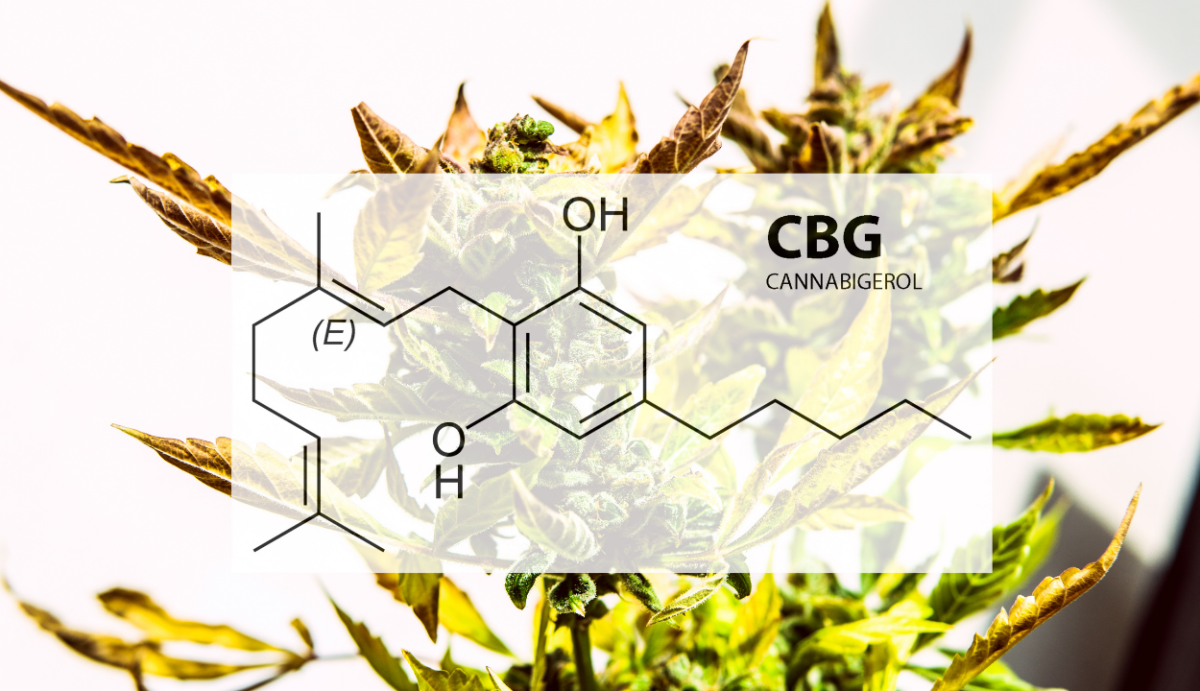 What are the Benefits of CBG? - VO Inc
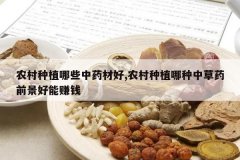 <b>ũ����ֲ��Щ��ҩ�ĺ�,ũ����ֲ�����в�ҩǰ������׬Ǯ</b>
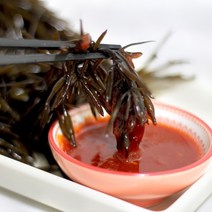 당일채취 완도 생 톳 톳나물 500g 1kg, 생 톳 1kg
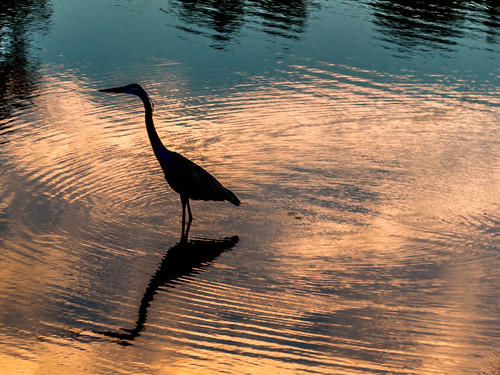 blue sunset orange lake reflection water birds animals silhouette river waves shadows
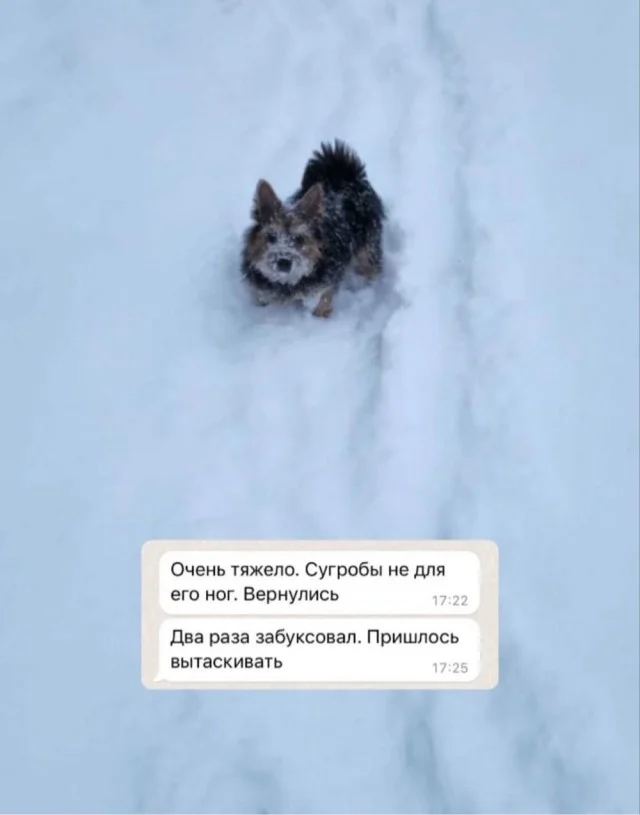 Парень подарил отцу собаку, и тот начал делиться историями об их приключениях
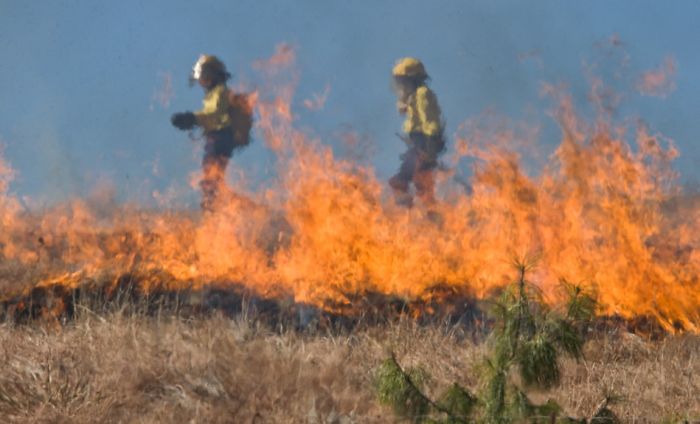 Požari širom Rusije, uništeno 187.000 hektara šuma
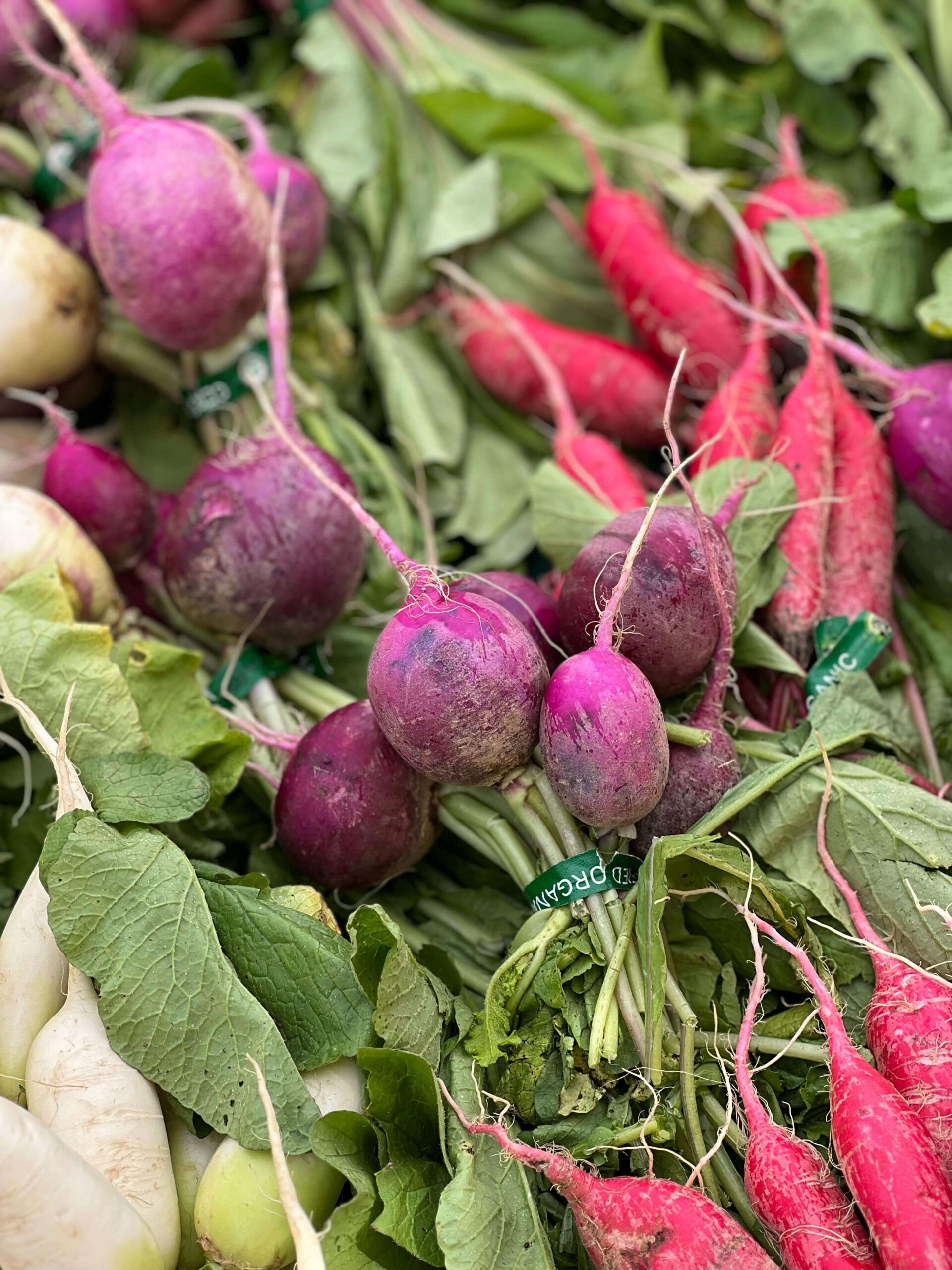 Jak przechowywać chrzan – świeży korzeń, starty i domowe przetwory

YOUR ASSIGNMENT. In the records above, locate the line with "blue sunset orange"; output it and each line after it through the last one, exactly, omitting pictures.

ANSWER BOX.
 blue sunset orange lake reflection water birds animals silhouette river waves shadows
 Парень подарил отцу собаку, и тот начал делиться историями об их приключениях
 Požari širom Rusije, uništeno 187.000 hektara šuma
 Jak przechowywać chrzan – świeży korzeń, starty i domowe przetwory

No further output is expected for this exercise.